Koko loves to eat bananas. There are piles of bananas, where piles[i] is the number of bananas in the i-th pile. Koko can decide her bananas-per-hour speed of k. Each hour, she chooses some pile of bananas, and eats k bananas from that pile. If the pile has less than k bananas, she eats all of them instead, and will not eat any more bananas during this hour.

Koko likes to eat slowly, but still wants to finish eating all the bananas before h hours.

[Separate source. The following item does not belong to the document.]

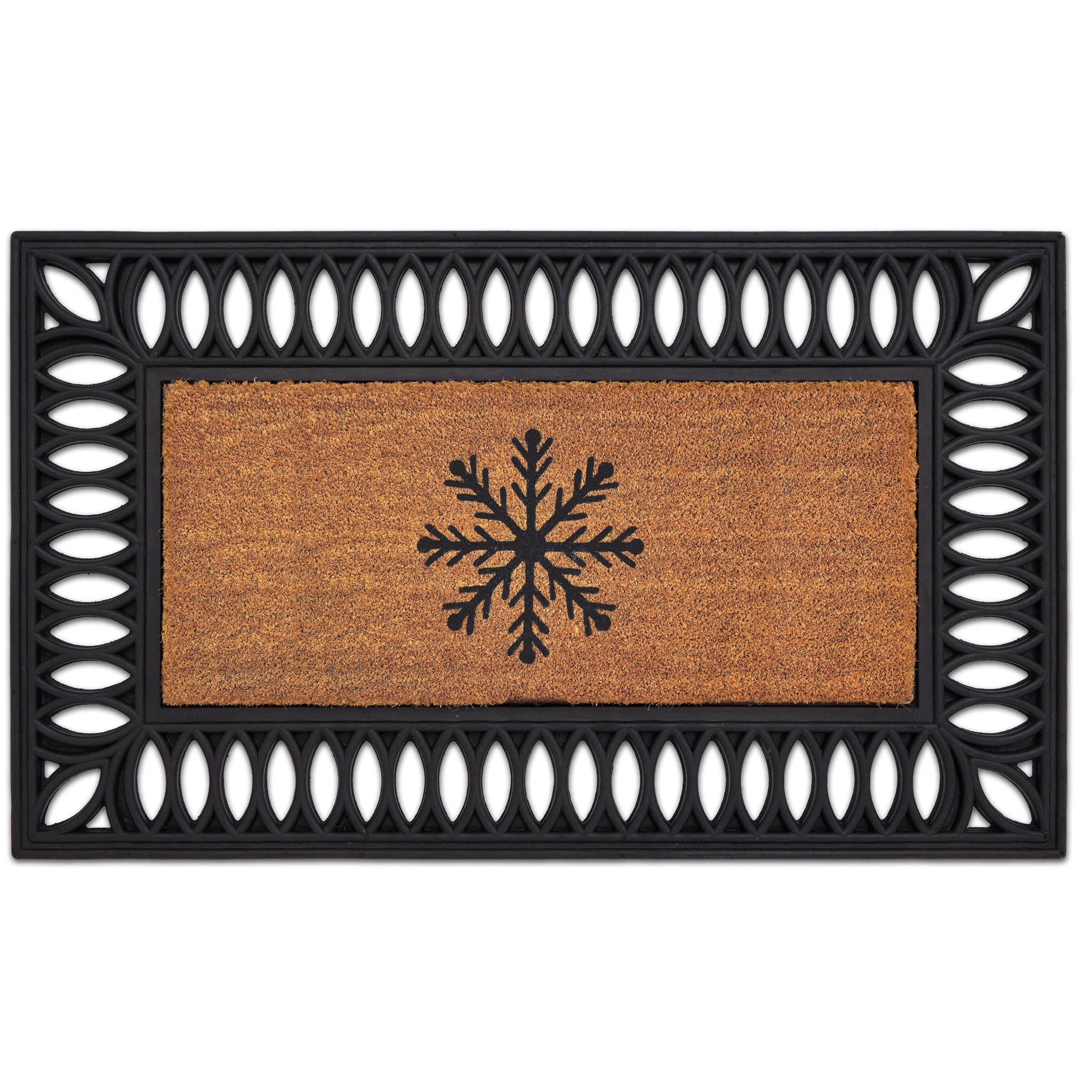 Christmas Coir Insert Snowflake Doormat - Image 3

Return the minimum integer k such that she can eat all the bananas within h hours.

Example 1:

Input: piles = [3,6,7,11], h = 8 Output: 4

Explanation: Koko can eat all the bananas in 8 hours if her speed is 4:

• Hour 1: Eat 4 bananas from the first pile (3 + 1)
• Hour 2: Eat 4 bananas from the second pile (6)
• Hour 3: Eat 4 bananas from the third pile (7)
• Hour 4: Eat 4 bananas from the fourth pile (11) If her speed is less than 4, she will need more than 8 hours.

Example 2:

Input: piles = [30,11,23,4,20], h = 5 Output: 30

Explanation: Koko can eat all the bananas in 5 hours if her speed is 30. She can eat 30 bananas from the first pile in the first hour, etc.

Steps:

1. Define a function minEatingSpeed: This function takes the piles array and h as input.
2. Binary Search: The key is to realize that the minimum speed is 1 (eat one banana per hour) and the maximum speed is the largest pile size (eat all bananas in a pile in one hour). We can use binary search to efficiently find the minimum speed within this range.
3. Check Feasibility: In each iteration of the binary search, we calculate the total hours needed with the current speed k. We do this by iterating through the piles and calculating the ceiling of piles[i] / k (number of hours needed for each pile). If the total hours exceed h, we need a faster speed (increase the left bound of the search). Otherwise, we try a slower speed (decrease the right bound).
4. Return the minimum speed: The loop continues until left becomes equal to right, at which point left (or right) represents the minimum speed.

Explanation:

Binary search is used because the time required to eat all bananas is a monotonically decreasing function of the eating speed. If a speed k takes too long, then any speed less than k will also take too long. Conversely, if a speed k is fast enough, then any speed greater than k will also be fast enough. This monotonic property makes binary search an efficient approach.

Code:

import math

def minEatingSpeed(piles, h):
    left, right = 1, max(piles)  # Initialize the search space
    while left < right:
        mid = (left + right) // 2
        total_hours = sum(math.ceil(pile / mid) for pile in piles)
        if total_hours <= h:
            right = mid  # Try a slower speed
        else:
            left = mid + 1  # Need a faster speed
    return left  # left == right at the end

Complexity:

• Time Complexity: O(N log M), where N is the number of piles and M is the maximum number of bananas in a pile. The binary search takes O(log M) iterations, and each iteration involves iterating through the N piles.
• Space Complexity: O(1). The algorithm uses a constant amount of extra space.